You can find the list of public data sets and descriptions of them here: https://developers.google.com/bigquery/docs/sample-tables

DenisM · on May 2, 2012

Thanks.

It's a bit thin, so I suggest you guys pump a lot of public datasets into it, and then do a series of blog posts about "look what you can discover from these public datasets with out awesome Q engine in a matter of seconds".

mattmiller · on May 2, 2012

I would love to use it but my company would veto this product based on security concerns. At a minimum we would require a VPN connection to the cloud and the ability to limit (or cut off entirely) access to the web interface. You guys could have a huge product if these concerns are addressed, but based on Google's history I do not think they will be.

Also, does anyone know how this performs compared to Hive?

mwhooker · on May 2, 2012

just started playing around with it. We've been using hive on EMR with tables stored in S3 (json formatted). using a single m1.large to run run queries over an hour of data was taking 10-15 minutes. Bigquery returns the same query in seconds. For example, extracting referrer domains on big query:

  > Query complete (7.6s elapsed, 583 MB processed)

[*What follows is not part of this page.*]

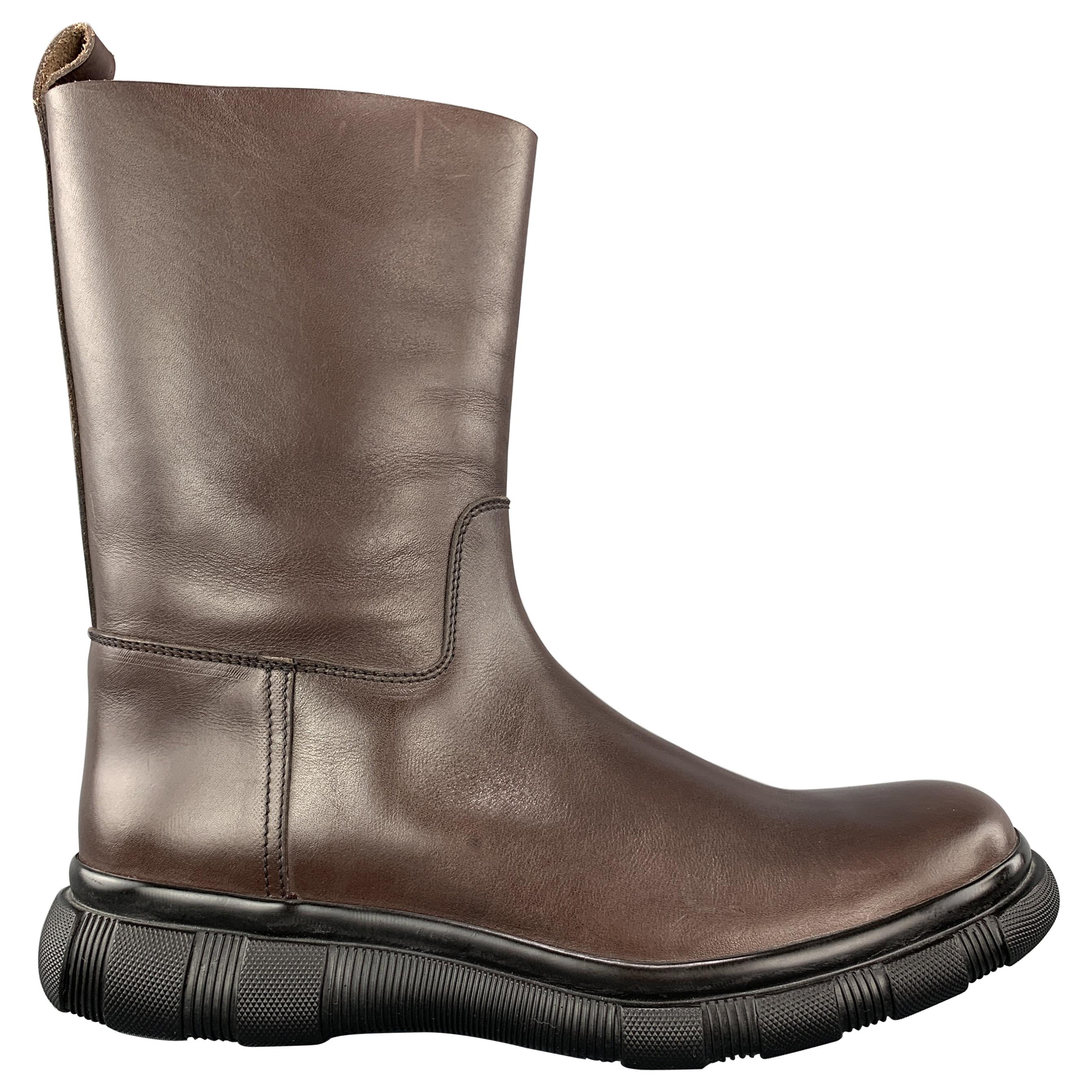 JIL SANDER Size 9 Brown Leather Black Rubber Sole Calf Boots at 1stDibs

granted that's with an under-provisioned emr "cluster", so I don't want to assign too much meaning to the results, but they are promising.

I'll run some more comparisons on a larger cluster and update later.

oliverkofoed · on May 1, 2012

With all the 'spring cleaning' going on recently at google, my main concern would be the likelihood of this service staying available permanently.

pgrote · on May 1, 2012

As a pay service focused on businesses, I think they would keep it going.

I cannot get to it right now. :)

"Error: Server Error The server encountered an error and could not complete your request. If the problem persists, please report your problem and mention this error message and the query that caused it."

batista · on May 1, 2012

>As a pay service focused on businesses, I think they would keep it going.

Unless if not enough businesses end up paying for it, so if yours does use it and they cancel it, you're screwed. Or if Google decides that while it makes a nice revenue, they'd rather killer to concentrate on something else...

That's the problem with putting out tons of products (including highly touted stuff like Wave) and then killing them, nobody trust you to maintain a product their business will depend on anymore... Contrast that with Amazon AWS.

rabidsnail · on May 2, 2012

Who wants to upload the CommonCrawl corpus as a public dataset? :P

JPKab · on May 1, 2012

This unquestionably lowers the barrier to entry for crunching large data sets. I'm looking forward to messing around with it. Are there any other alternatives to this service? Something like a PigAsAService or HiveAsAService offering?

pappnase12 · on May 1, 2012

Well, we are working on a project that provides Hive (and Hadoop Streaming) as a service. It's http://www.hadoopondemand.com and uses amazon ec2. We have just started our private beta and you are very welcome to join. And there is also amazon's offering EMR (http://aws.amazon.com/elasticmapreduce/) which also provides an interface to Hive and Pig.

EDIT: link to amazon's offering

JPKab · on May 3, 2012

Thanks. I look forward to checking out your project.